• **What is needed**: Send back exactly the lines from the opening line of the records below through the one with "Whiteface Cam Image".

--- Material supplied ---

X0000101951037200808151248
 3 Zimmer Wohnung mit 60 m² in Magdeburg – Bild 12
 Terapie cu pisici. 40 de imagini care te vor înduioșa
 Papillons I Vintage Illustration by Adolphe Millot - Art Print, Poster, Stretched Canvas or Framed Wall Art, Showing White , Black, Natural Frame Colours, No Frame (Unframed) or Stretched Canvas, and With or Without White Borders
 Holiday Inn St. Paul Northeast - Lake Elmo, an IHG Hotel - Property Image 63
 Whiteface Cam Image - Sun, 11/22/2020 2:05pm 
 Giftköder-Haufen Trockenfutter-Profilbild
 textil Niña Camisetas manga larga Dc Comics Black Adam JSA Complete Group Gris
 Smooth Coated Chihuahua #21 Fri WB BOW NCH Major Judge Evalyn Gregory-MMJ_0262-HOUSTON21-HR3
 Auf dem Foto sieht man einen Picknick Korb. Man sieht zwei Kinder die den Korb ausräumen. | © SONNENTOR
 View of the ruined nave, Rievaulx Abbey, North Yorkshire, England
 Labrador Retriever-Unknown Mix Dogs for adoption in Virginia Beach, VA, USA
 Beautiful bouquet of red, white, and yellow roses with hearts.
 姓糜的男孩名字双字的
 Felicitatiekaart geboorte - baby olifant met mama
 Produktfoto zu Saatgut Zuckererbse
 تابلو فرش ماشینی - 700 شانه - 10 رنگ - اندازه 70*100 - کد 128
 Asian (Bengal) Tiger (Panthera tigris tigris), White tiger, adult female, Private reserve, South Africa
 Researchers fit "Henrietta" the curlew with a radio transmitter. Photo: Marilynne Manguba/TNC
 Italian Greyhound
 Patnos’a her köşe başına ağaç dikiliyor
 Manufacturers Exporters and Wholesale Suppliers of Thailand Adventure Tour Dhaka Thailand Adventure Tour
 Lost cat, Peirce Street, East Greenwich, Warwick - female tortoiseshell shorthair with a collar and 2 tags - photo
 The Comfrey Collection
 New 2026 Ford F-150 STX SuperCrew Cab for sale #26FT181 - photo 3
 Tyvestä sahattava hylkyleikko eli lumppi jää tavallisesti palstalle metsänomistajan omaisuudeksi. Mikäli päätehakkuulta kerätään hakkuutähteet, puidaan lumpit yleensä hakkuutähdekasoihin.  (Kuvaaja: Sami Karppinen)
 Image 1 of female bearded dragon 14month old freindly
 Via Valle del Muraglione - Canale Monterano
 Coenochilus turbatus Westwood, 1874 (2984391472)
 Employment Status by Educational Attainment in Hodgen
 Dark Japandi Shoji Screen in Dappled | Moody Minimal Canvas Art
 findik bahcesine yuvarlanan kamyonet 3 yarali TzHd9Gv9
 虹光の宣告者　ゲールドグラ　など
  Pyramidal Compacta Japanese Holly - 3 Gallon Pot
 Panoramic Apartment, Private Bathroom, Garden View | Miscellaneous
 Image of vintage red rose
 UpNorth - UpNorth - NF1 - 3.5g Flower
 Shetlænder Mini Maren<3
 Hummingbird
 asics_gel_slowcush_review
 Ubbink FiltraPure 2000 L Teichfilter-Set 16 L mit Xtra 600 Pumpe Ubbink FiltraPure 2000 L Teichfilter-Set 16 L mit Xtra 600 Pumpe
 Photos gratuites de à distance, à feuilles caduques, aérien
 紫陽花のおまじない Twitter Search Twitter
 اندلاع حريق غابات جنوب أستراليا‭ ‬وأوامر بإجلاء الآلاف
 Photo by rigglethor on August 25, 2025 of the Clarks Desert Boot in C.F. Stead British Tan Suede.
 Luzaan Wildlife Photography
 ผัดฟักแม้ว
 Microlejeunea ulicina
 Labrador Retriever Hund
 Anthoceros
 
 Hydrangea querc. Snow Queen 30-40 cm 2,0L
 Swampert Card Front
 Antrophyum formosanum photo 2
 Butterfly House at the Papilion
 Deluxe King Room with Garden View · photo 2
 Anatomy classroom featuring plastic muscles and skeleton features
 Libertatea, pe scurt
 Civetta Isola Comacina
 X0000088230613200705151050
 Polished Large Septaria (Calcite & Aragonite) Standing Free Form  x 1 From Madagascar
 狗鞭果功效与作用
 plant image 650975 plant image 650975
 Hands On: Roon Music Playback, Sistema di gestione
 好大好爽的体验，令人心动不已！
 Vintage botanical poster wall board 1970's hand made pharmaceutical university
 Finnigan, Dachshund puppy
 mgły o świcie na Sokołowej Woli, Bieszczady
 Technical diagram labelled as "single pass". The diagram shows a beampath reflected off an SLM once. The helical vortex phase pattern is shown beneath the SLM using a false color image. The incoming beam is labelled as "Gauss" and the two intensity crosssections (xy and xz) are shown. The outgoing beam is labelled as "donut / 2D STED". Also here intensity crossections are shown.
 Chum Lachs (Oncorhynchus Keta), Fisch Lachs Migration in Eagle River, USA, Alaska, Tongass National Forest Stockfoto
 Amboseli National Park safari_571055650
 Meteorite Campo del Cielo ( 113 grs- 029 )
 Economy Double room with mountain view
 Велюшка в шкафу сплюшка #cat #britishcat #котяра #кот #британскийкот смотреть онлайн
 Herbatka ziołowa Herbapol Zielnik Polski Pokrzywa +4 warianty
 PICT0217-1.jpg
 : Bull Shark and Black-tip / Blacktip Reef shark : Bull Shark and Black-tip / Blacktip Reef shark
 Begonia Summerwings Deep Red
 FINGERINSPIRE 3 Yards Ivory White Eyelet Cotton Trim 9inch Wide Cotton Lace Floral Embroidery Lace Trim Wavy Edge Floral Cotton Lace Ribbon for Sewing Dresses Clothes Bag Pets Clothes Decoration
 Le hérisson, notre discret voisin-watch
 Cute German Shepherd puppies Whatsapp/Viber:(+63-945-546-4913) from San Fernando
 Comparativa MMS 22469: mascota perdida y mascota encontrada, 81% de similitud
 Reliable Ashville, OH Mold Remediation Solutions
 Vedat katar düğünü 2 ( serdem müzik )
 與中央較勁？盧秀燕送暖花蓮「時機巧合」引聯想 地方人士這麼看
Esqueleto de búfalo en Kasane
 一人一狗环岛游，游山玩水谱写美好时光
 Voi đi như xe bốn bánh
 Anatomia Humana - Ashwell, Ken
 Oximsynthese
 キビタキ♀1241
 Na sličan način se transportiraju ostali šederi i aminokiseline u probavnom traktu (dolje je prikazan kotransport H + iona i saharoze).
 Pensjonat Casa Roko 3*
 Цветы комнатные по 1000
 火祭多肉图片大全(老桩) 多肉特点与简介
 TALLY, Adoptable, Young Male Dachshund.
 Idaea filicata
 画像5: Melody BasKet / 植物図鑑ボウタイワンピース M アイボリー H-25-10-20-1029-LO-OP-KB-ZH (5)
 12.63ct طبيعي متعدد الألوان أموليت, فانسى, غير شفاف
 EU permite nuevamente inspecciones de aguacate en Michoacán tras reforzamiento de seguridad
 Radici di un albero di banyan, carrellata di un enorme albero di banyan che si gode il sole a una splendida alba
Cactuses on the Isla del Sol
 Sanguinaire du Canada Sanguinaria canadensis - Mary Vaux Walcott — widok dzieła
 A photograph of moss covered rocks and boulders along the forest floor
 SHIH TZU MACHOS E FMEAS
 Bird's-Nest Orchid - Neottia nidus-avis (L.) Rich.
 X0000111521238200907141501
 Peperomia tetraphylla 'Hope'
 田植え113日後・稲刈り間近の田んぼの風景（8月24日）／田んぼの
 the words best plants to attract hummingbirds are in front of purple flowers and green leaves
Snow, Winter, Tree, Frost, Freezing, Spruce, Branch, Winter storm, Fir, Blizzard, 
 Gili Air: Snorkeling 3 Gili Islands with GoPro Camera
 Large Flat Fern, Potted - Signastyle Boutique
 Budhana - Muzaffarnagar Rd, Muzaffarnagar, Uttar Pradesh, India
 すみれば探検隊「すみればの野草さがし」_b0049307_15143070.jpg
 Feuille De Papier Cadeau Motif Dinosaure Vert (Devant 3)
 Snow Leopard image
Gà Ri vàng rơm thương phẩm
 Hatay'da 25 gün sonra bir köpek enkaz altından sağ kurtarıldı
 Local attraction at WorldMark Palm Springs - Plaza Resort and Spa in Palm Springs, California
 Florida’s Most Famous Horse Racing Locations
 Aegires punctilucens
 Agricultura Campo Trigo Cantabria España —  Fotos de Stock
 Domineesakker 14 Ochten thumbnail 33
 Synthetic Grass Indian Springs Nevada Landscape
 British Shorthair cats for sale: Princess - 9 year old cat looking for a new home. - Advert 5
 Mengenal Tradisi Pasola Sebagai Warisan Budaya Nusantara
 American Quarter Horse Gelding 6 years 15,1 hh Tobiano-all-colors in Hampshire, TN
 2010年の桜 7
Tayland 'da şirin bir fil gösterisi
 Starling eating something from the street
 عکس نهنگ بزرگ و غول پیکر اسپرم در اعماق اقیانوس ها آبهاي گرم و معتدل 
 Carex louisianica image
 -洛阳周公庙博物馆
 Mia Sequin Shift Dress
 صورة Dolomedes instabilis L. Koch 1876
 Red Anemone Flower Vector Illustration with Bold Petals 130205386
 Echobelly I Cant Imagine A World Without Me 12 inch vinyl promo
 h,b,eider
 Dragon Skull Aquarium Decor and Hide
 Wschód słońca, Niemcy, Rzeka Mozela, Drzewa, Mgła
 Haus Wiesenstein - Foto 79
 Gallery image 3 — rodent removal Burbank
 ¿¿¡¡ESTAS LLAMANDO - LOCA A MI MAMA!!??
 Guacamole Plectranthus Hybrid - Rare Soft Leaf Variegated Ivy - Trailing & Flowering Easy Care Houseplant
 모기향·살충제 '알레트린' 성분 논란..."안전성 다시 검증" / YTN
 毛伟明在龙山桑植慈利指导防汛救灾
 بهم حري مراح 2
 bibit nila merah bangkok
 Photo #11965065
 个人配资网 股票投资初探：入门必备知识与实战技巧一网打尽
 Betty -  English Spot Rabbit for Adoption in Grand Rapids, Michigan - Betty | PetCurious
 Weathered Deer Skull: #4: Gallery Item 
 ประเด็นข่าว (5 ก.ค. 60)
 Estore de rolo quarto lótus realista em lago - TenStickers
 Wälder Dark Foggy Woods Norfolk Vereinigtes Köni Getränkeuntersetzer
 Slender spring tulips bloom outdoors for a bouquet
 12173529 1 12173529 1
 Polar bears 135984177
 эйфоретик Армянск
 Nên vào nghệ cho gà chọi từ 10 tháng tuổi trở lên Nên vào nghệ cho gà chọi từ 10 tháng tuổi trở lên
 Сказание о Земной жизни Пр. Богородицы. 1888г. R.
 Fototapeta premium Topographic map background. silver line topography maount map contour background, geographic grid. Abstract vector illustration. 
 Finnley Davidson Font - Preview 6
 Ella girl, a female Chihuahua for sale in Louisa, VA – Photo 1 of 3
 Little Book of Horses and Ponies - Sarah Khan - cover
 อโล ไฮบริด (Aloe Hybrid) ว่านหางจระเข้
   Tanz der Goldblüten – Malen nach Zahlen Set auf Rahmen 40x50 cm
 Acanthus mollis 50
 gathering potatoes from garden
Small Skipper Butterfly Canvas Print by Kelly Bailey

---

• **Task result**:
X0000101951037200808151248
 3 Zimmer Wohnung mit 60 m² in Magdeburg – Bild 12
 Terapie cu pisici. 40 de imagini care te vor înduioșa
 Papillons I Vintage Illustration by Adolphe Millot - Art Print, Poster, Stretched Canvas or Framed Wall Art, Showing White , Black, Natural Frame Colours, No Frame (Unframed) or Stretched Canvas, and With or Without White Borders
 Holiday Inn St. Paul Northeast - Lake Elmo, an IHG Hotel - Property Image 63
 Whiteface Cam Image - Sun, 11/22/2020 2:05pm 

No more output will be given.